What is being asked:
Please copy all of the records exactly, leaving nothing out.

Supplied information:
.....
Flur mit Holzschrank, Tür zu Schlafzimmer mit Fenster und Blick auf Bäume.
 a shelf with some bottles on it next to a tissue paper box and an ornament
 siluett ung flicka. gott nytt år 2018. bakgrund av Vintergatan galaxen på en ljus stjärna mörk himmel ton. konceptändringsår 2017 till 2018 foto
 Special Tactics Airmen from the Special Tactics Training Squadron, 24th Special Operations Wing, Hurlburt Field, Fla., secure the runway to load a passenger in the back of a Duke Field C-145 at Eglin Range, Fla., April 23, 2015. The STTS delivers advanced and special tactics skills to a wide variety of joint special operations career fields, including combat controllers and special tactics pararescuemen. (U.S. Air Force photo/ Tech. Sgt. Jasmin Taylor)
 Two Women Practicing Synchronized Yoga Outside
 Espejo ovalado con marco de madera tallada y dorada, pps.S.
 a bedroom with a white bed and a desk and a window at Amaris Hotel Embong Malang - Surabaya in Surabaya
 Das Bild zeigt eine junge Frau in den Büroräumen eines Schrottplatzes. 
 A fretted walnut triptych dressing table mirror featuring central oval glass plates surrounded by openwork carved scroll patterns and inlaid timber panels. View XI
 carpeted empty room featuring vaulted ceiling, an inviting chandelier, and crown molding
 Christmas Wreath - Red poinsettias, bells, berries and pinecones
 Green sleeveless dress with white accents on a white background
.....
Response below:
Flur mit Holzschrank, Tür zu Schlafzimmer mit Fenster und Blick auf Bäume.
 a shelf with some bottles on it next to a tissue paper box and an ornament
 siluett ung flicka. gott nytt år 2018. bakgrund av Vintergatan galaxen på en ljus stjärna mörk himmel ton. konceptändringsår 2017 till 2018 foto
 Special Tactics Airmen from the Special Tactics Training Squadron, 24th Special Operations Wing, Hurlburt Field, Fla., secure the runway to load a passenger in the back of a Duke Field C-145 at Eglin Range, Fla., April 23, 2015. The STTS delivers advanced and special tactics skills to a wide variety of joint special operations career fields, including combat controllers and special tactics pararescuemen. (U.S. Air Force photo/ Tech. Sgt. Jasmin Taylor)
 Two Women Practicing Synchronized Yoga Outside
 Espejo ovalado con marco de madera tallada y dorada, pps.S.
 a bedroom with a white bed and a desk and a window at Amaris Hotel Embong Malang - Surabaya in Surabaya
 Das Bild zeigt eine junge Frau in den Büroräumen eines Schrottplatzes. 
 A fretted walnut triptych dressing table mirror featuring central oval glass plates surrounded by openwork carved scroll patterns and inlaid timber panels. View XI
 carpeted empty room featuring vaulted ceiling, an inviting chandelier, and crown molding
 Christmas Wreath - Red poinsettias, bells, berries and pinecones
 Green sleeveless dress with white accents on a white background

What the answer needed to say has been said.